R0Wi-DEV / workflow_ocr

This is a Nextcloud Workflow App which enables you to process files via OCR on serverside.
GNU Affero General Public License v3.0
79 stars 7 forks source link

[Feature] Custom arguments for ocrmypdf #272

Open XueSheng-GIT opened 1 week ago

XueSheng-GIT commented 1 week ago

Describe the feature

workflow_ocr provides a sane default of options/arguments for processing ocr (easy to use, which is good). But there are cases where those limited options are not enough. E.g. I want to rotate pages sometimes, which can be done by ocrmypdf but workflow_ocr does not provide an option for this. I also don't think it would make sense to add an additional option for each possible use case.

My idea would be to allow an advanced option so that a user can pass additional arguments to ocrmypdf as "per workflow" setting (free text). Thus, for additional rotation you could add:

-r --rotate-pages-threshold 8

Of course passing wrong arguments could break the workflow... thus, an advanced option which is disabled by default.

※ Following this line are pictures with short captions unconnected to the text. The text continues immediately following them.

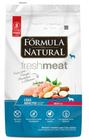 Ração Fórmula Natural Fresh Meat Cães Adultos Porte Médio Frango 12kg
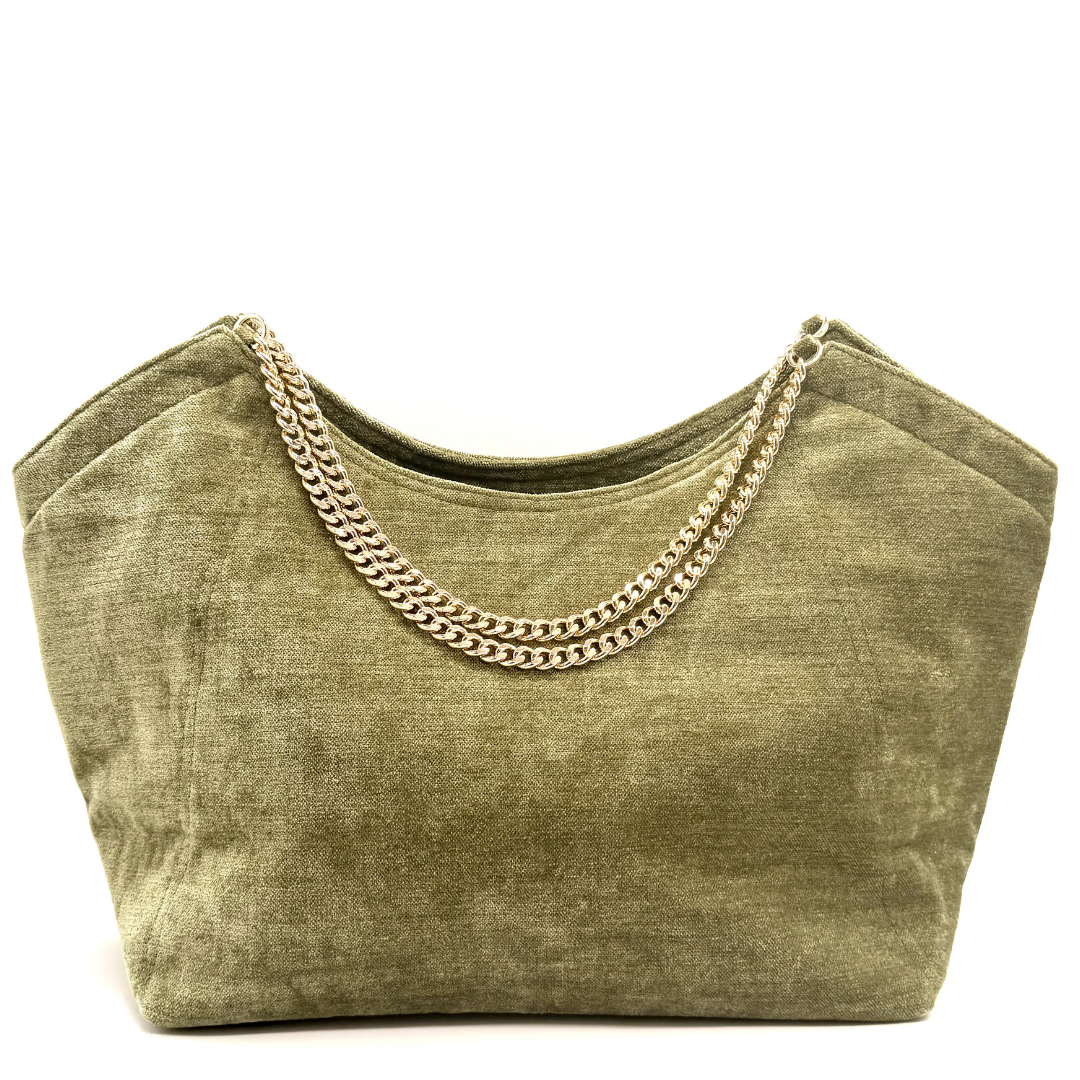 The EVERYTHING Bag #57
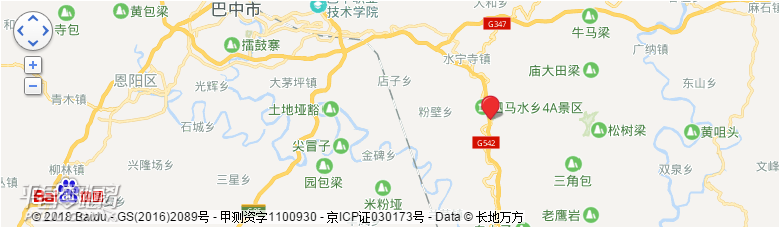 1541035744.jpg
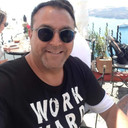  Patrai,   MIROSLAV, 48 ,   ,   , c 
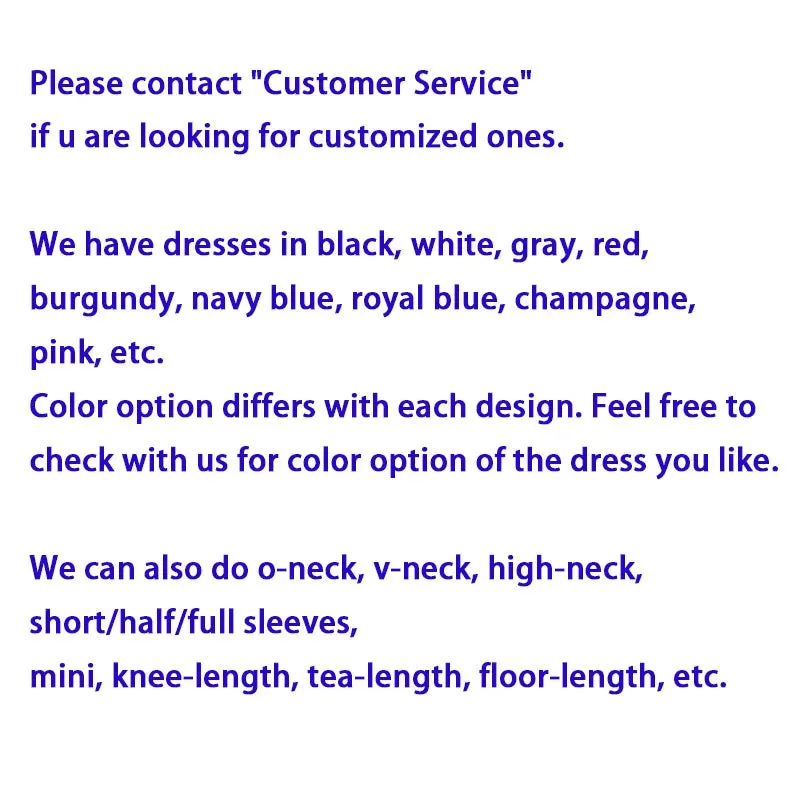 Wedding Dresses Illusion Boat Neck Short Sequined Embroidery Off The Shoulder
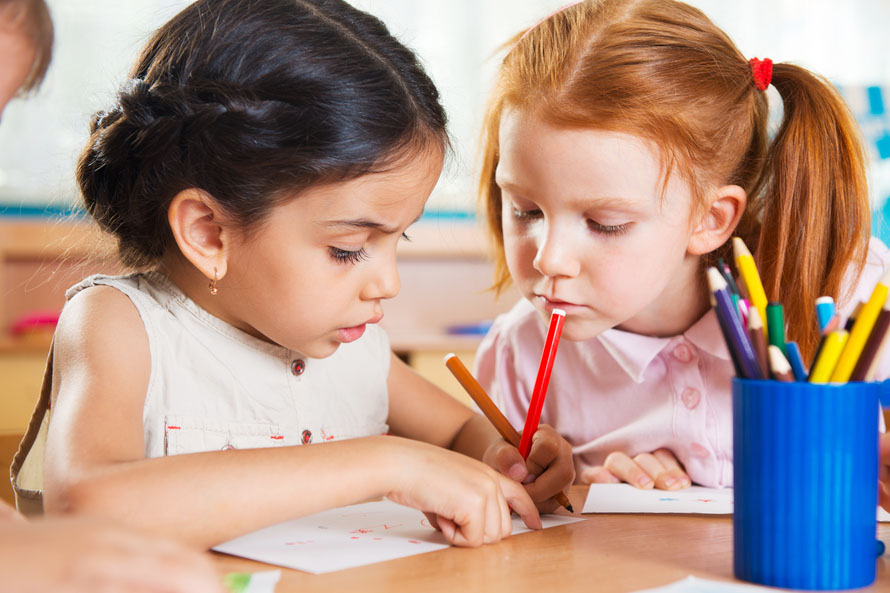 手机号呼叫轰炸app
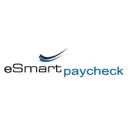 eSmart Paycheck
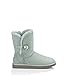 UGG Australia Women's Bailey Button Bling Boots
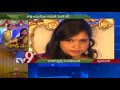 Badminton stars Sumeet Reddy & Pinky Reddy engagement ceremony; PV Sindhu, Gopichand attend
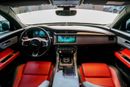 Jaguar XF R-SPORT Jaguar XF 2020 GCC specs | Warranty for 936.00 AED monthly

At least this would be a "clean" possibility to cover individual needs without overloading the available options.

R0Wi commented 1 week ago

I like this idea :+1: This would also give more flexibility to an admin who knows the exact version of the ocrmypdf being installed on the system, so that he could for example use commandline parameters which are only available in more recent versions.

I guess from a security point of view we should ensure that no malicious code can be injected. For example a parameter like rm -rf / should not be accepted (but would probably raise an error anyways since we pass it to ocrmypdf as params) :smile:

@bahnwaerter any thoughts?